* ACTION ITEM: The answer should be an exact repeat of the stretch of material below from the line containing "for the post of Manager since I don't have" through the line containing "7. employer".
++++++++
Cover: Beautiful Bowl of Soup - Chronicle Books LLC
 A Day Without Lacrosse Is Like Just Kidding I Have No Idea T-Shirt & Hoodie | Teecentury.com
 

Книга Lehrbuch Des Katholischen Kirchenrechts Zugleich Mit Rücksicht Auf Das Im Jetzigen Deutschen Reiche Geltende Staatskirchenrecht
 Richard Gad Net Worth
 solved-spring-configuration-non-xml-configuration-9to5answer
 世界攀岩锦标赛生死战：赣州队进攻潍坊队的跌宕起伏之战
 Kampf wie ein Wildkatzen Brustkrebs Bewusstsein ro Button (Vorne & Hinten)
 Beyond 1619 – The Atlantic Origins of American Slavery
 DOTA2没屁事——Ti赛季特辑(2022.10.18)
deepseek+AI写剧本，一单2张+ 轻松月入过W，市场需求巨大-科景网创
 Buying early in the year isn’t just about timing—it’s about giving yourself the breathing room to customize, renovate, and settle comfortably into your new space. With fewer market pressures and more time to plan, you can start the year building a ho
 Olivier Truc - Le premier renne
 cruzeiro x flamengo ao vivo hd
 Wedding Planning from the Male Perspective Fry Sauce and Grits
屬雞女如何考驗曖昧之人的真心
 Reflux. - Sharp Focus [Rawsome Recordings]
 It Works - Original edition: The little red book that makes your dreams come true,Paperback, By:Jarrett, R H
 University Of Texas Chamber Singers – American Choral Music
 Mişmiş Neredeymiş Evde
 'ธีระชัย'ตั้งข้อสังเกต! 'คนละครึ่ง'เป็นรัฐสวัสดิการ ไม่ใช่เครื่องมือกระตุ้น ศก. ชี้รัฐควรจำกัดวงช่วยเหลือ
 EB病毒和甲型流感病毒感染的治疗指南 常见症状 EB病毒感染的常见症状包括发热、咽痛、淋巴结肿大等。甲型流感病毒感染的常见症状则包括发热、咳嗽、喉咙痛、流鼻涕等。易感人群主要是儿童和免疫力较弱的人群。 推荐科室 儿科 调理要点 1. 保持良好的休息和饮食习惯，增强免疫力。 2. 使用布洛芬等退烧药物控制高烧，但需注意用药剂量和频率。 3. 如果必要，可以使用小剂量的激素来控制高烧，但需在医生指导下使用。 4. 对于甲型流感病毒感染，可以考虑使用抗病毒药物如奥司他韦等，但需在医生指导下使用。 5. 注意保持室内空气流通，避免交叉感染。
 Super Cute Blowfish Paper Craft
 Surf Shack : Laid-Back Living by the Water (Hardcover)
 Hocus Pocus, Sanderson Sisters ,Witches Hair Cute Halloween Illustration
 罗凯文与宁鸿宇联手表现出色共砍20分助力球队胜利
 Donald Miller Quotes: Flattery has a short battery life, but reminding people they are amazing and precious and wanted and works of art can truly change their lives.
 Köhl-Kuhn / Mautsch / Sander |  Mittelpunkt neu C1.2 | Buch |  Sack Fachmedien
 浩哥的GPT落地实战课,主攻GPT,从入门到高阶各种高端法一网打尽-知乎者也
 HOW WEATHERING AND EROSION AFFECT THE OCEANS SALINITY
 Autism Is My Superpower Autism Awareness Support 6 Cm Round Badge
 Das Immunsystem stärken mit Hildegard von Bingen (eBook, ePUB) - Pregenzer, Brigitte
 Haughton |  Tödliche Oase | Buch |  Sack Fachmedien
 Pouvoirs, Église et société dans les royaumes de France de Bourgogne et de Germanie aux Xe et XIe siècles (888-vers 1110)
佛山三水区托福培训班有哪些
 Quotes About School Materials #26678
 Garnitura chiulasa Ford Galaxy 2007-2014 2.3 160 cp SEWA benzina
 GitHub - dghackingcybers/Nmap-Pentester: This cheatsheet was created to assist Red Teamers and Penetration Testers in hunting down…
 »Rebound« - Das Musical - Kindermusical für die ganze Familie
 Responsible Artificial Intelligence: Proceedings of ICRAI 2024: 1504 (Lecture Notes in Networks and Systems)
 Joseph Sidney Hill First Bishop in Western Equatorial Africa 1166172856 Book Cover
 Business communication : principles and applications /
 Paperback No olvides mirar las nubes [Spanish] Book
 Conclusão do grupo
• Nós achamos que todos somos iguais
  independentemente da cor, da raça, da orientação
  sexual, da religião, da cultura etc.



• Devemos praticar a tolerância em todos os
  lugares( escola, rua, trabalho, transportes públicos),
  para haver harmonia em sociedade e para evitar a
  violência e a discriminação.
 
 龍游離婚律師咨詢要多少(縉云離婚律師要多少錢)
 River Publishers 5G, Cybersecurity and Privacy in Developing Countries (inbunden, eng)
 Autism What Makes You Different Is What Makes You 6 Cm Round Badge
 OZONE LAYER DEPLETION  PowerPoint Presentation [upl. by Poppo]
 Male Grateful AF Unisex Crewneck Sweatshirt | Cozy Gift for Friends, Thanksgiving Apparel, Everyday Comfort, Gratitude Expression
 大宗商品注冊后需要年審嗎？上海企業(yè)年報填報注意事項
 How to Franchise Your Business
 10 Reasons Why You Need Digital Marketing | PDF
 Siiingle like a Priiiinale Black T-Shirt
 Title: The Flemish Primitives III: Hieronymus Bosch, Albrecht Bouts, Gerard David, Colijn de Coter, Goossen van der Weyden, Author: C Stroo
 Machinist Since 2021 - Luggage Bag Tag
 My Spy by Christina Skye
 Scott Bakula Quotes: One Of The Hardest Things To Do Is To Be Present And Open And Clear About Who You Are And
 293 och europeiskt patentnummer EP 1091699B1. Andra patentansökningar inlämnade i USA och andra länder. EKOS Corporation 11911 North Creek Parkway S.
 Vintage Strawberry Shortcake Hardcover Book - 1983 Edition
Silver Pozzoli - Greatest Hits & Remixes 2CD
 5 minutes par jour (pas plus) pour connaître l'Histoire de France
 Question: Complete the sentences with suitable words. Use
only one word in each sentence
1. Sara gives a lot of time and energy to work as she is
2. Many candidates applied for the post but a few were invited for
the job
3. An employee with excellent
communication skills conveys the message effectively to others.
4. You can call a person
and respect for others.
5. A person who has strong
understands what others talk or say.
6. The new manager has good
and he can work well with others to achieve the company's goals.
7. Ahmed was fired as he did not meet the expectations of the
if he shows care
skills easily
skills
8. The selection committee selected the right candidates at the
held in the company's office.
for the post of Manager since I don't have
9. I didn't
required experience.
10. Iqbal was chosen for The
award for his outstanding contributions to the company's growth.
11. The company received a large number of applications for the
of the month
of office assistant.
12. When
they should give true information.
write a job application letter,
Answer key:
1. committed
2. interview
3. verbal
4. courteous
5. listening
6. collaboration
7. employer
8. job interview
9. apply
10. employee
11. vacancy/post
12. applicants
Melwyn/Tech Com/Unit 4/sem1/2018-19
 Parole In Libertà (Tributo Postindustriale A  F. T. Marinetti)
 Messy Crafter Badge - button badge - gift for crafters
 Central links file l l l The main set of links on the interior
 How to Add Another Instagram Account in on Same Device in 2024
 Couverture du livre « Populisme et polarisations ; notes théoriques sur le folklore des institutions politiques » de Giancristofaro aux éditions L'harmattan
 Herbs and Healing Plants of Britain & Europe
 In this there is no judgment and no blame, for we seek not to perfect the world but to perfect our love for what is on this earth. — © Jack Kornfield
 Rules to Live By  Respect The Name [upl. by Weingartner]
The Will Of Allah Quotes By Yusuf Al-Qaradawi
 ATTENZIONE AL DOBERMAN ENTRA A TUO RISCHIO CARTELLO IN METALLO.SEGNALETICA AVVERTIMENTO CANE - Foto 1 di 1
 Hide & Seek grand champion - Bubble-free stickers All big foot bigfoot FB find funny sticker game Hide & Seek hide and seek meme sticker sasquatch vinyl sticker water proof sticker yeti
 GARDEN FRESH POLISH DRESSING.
++++++++
* SOLUTION TO THIS TASK:
for the post of Manager since I don't have
9. I didn't
required experience.
10. Iqbal was chosen for The
award for his outstanding contributions to the company's growth.
11. The company received a large number of applications for the
of the month
of office assistant.
12. When
they should give true information.
write a job application letter,
Answer key:
1. committed
2. interview
3. verbal
4. courteous
5. listening
6. collaboration
7. employer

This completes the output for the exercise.